**Information shown**
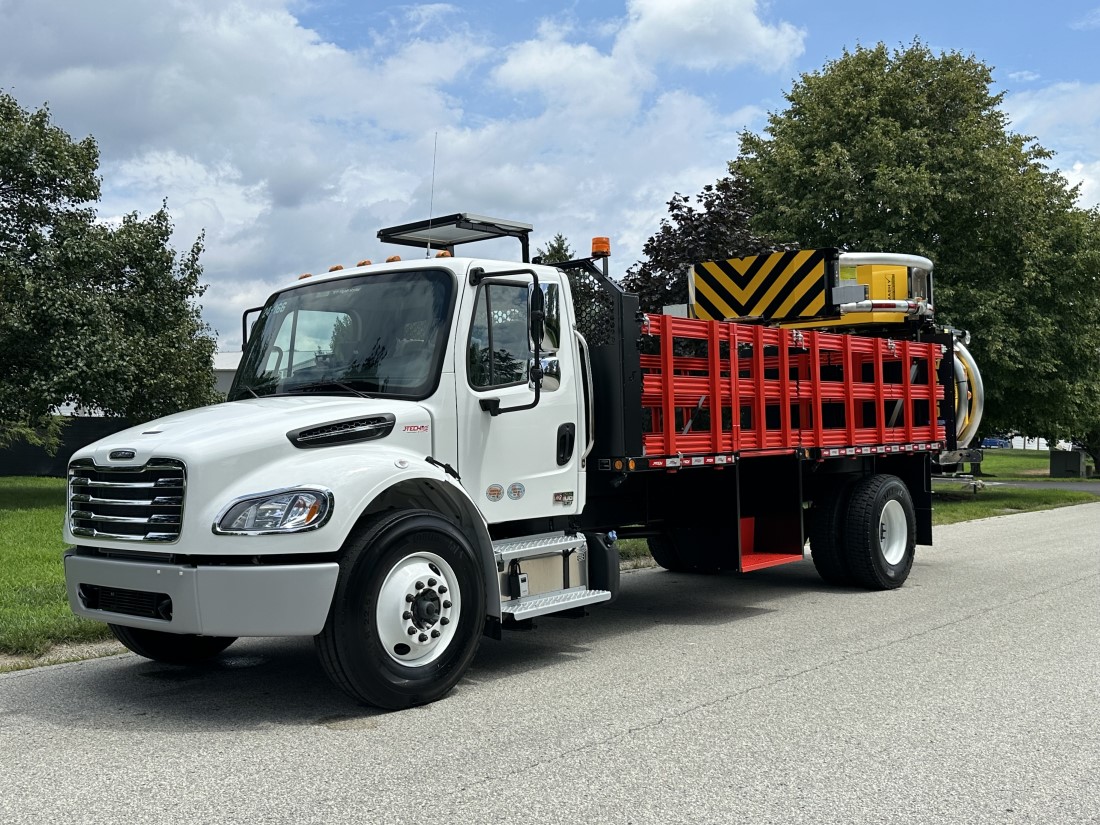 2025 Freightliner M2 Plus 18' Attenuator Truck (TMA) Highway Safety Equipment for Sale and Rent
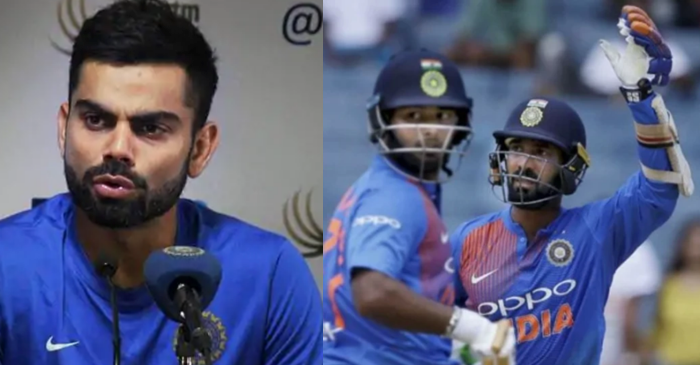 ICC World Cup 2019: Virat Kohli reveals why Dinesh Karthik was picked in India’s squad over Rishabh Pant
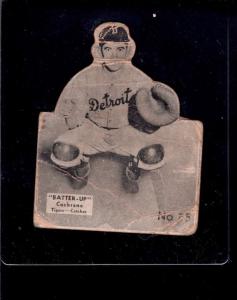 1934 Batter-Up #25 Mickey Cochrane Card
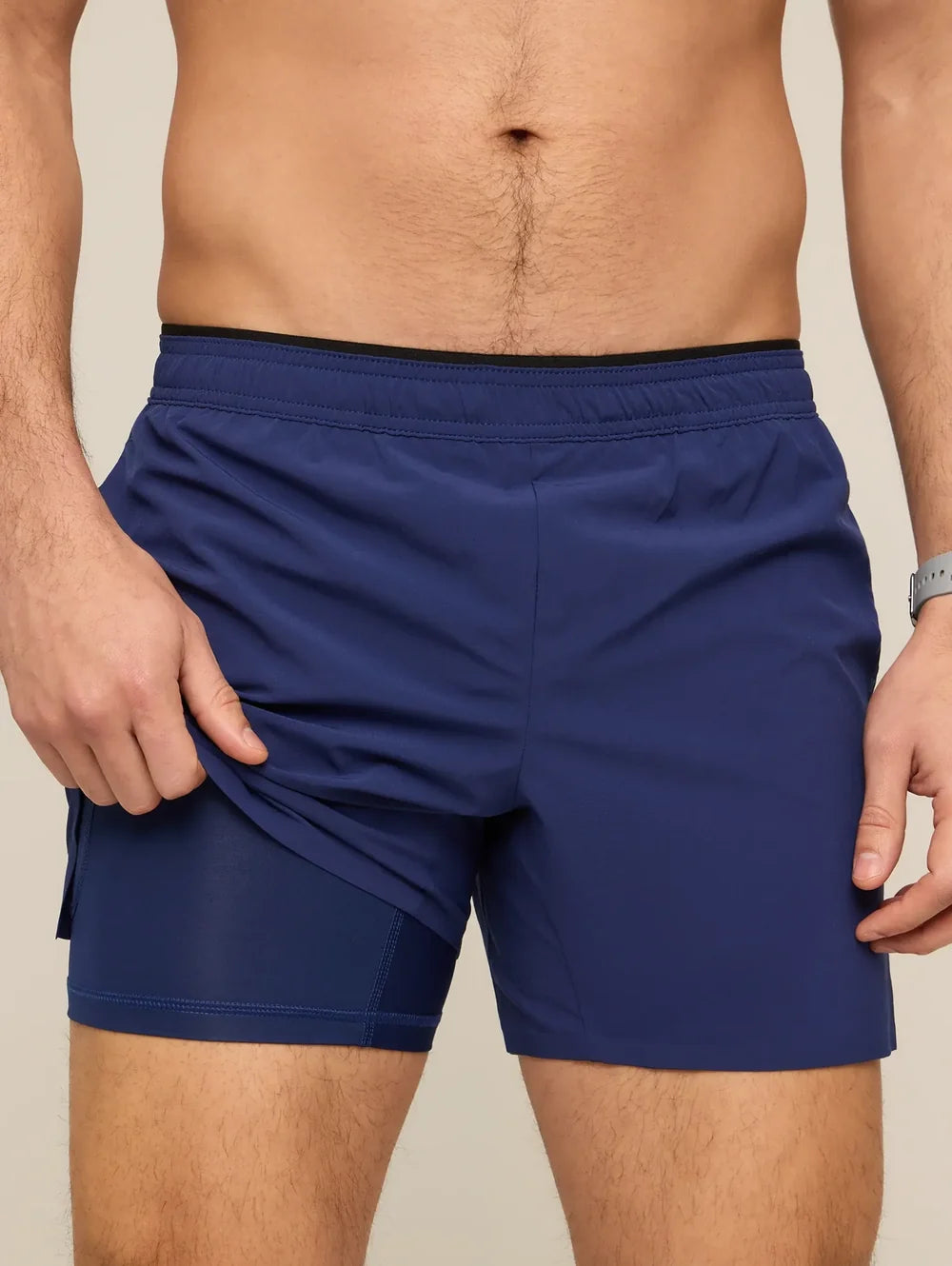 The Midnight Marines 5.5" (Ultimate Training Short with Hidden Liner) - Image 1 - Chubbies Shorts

**Exercise**
Your copy must consist solely of the lines from the one containing "ICC World Cup" through the final line of the material above, transcribed exactly, with the pictures left out.

**Output below**
 ICC World Cup 2019: Virat Kohli reveals why Dinesh Karthik was picked in India’s squad over Rishabh Pant
 1934 Batter-Up #25 Mickey Cochrane Card
 The Midnight Marines 5.5" (Ultimate Training Short with Hidden Liner) - Image 1 - Chubbies Shorts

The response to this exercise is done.